Earl Scrugg would remain with the Blue Grass Boys until 1948. By that time both he and Lester Flatt were weary of the low pay and an often gruelling schedule. The two left the Blue Grass Boys and formed their own band, The Foggy Mountain Boys. More often than not in the following decades, the band would simply be known by the names of its founders "Lester Flatt and Earl Scruggs" or, more simply, "Flatt and Scruggs."

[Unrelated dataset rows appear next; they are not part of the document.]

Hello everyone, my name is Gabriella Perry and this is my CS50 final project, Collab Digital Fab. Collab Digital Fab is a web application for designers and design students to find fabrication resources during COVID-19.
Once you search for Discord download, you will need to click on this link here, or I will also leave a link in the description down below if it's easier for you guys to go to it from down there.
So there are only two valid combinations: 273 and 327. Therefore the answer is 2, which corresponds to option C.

It was in 1949 that Lester Flatt and Earl Scruggs would make their first impact on music. Their song "Foggy Mountain Breakdown" went to #9 on the Billboard Country charts. Over the years they would have several more hits, including "'Tis Sweet to Be Remembered," "Cabin in the Hills," "Go Home," "Just Ain't," "You Are My Flower," and "My Sara Jane." What might be their best known song of all time came from a television show. Lester Flatt and Earl Scruggs performed the theme song to the TV show The Beverly Hillbillies (it was sung by Jerry Scroggins), "The Ballad of Jed Clampett." Lester Flatt and Earl Scruggs released "The Ballad of Jed Clampett," which went to #1 on the Billboard country charts and #44 on the Billboard Hot 100. They would also release another song from The Beverly Hillbillies, "Pearl, Pearl, Pearl," which went to #8 on the country charts and #113 on the Hot 100. Lester Flatt and Earl Scruggs also performed the theme song to Petticoat Junction. It was also released as a single and went to #14 on the Country chart.

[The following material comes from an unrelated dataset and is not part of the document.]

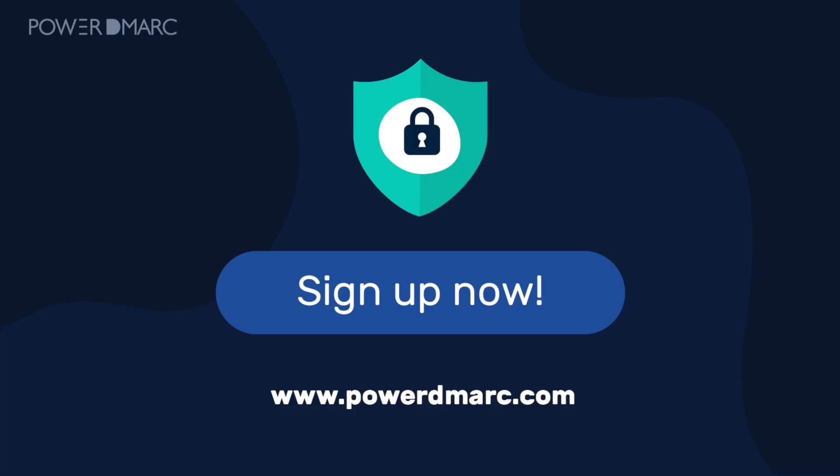And that's it. You've successfully set up the email authentication protocols for your MailChimp sending source. Thanks for watching and don't forget to sign up with PowerDMARC to take your domain security to the next level.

Lester Flatt and Earl Scruggs not only performed the theme song to The Beverly Hillbillies, but they appeared on the show as recurring characters as well. They essentially played fictionalised versions of themselves. Their wives were played by actresses Joi Lansing (who played Gladys Flatt) and Midge Ware (who played Louise Scruggs).

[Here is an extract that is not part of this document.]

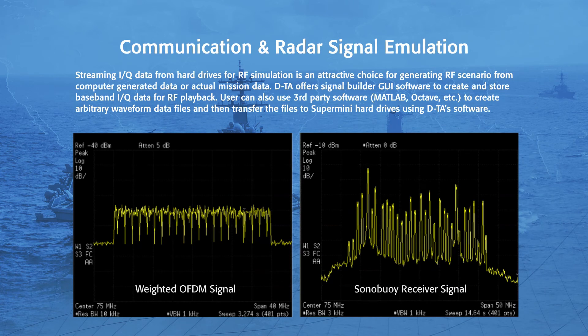Streaming IQ data from hard drives for RF simulation is an attractive choice for generating RF scenarios from computer generated data or actual mission data. DTA offers SignalBuilder GUI software to create and store baseband IQ data for RF playback. Users can also create arbitrary waveform data files using third-party programs and then transfer them to supermini hard drives via DTA's software.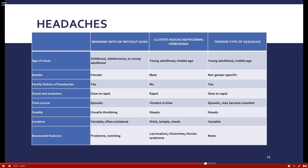The third type is tension headaches, which are probably familiar to many nursing students juggling patho, pharmacology, jobs, and life. These are usually transient, depending on stress levels, and ibuprofen along with rest is often sufficient. Please take care of yourselves — take that extra hour, go for a walk, and do what you can to keep stress under control.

Despite their success, the team of Flatt and Scruggs would not last. Earl Scruggs took a progressive approach to bluegrass music, while Lester Flatt tended to be more of a traditionalist. These creative differences would eventually lead to the break up of the partnership in 1969. Earl Scruggs formed a new band, The Earl Scruggs Revue. The Earl Scruggs Revue would often play on the same bill as rock and folk acts, something unusual for bluegrass groups at the time. Earl Scruggs continued to release albums into the 21st Century. His last album, Lifetimes: Lewis, Scruggs, and Long (recorded with Little Roy Lewis and Lizzy Long) was released in 2007.
Earl Scruggs was quite literally an innovator in the field of bluegrass music. He introduced a fingerpicking method of playing banjo known as the three-finger style, but perhaps better known as "the Scruggs style." After Earl Scruggs introduced it in 1946, it became the most common method of playing the banjo. Indeed, it is arguable that Earl Scruggs was the greatest banjo player of all time. He had a virtuosity with the instrument that few others could match, even in his later years. Indeed, Earl Scruggs' impact would not only be felt on bluegrass music, but on such other genres as country, folk, and rock. Over the years he would collaborate with such musicians as Bob Dylan, Johnny Cash, Steve Martin, John Fogerty, Sir Elton John, and others. Quite simply, Earl Scruggs was a music virtuoso whose sheer talent transcended any genre.